### [Supplied data]
[Start of section]
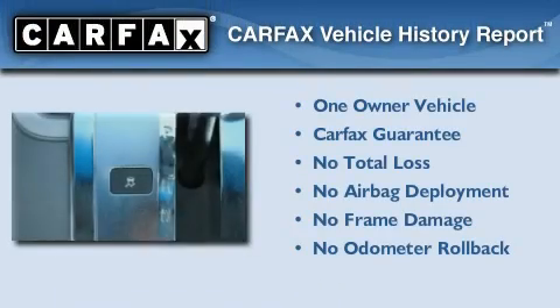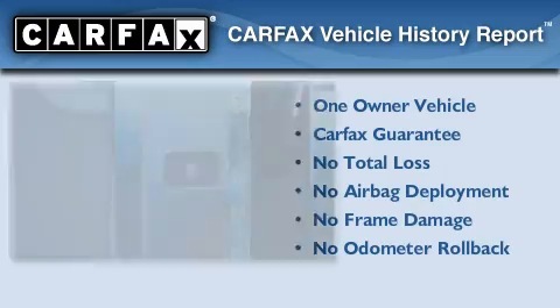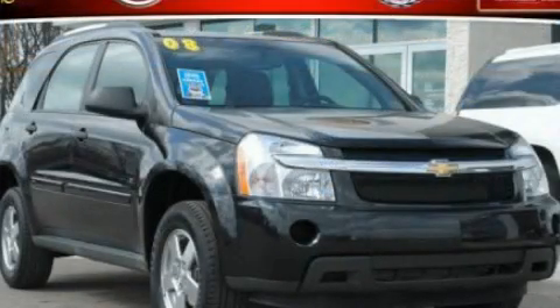This Chevrolet has had only one owner and it qualifies for the Carfax Buy-Back Guarantee. Contact us today to arrange your test drive.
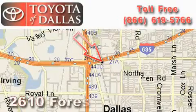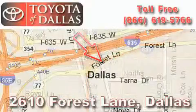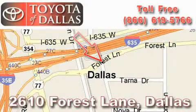Toyota of Dallas is located at 2610 Forest Lane. Our main objective is to make your experience at our dealership a satisfying one, whether it's for sales, service, or parts.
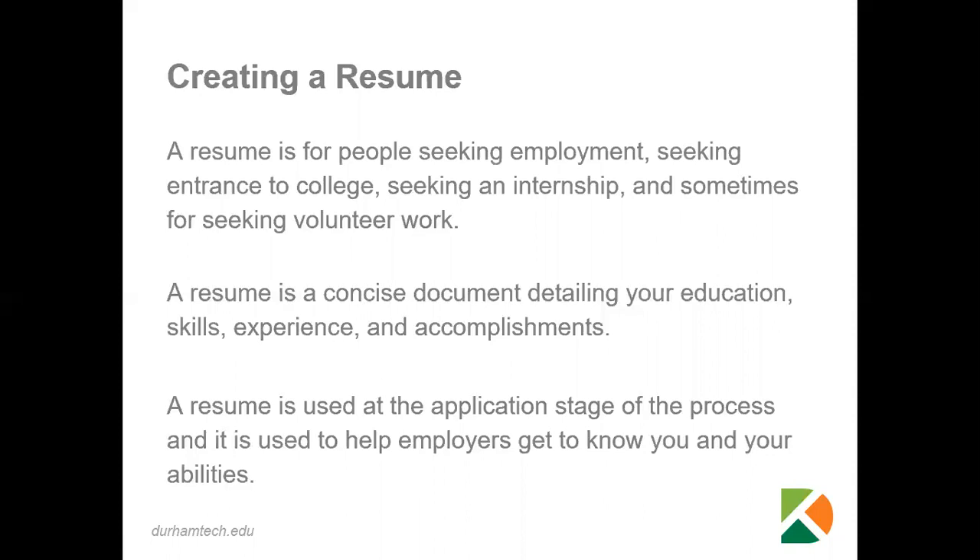That means you may have to change a part or parts of your resume every time you turn it in. That is a very common practice.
[End of section]
Starting with the line that holds "Toyota of Dallas", reproduce exactly each line up to and including the last line of the material above, and drop the pictures.

### [Reply to the task]
Toyota of Dallas is located at 2610 Forest Lane. Our main objective is to make your experience at our dealership a satisfying one, whether it's for sales, service, or parts.
That means you may have to change a part or parts of your resume every time you turn it in. That is a very common practice.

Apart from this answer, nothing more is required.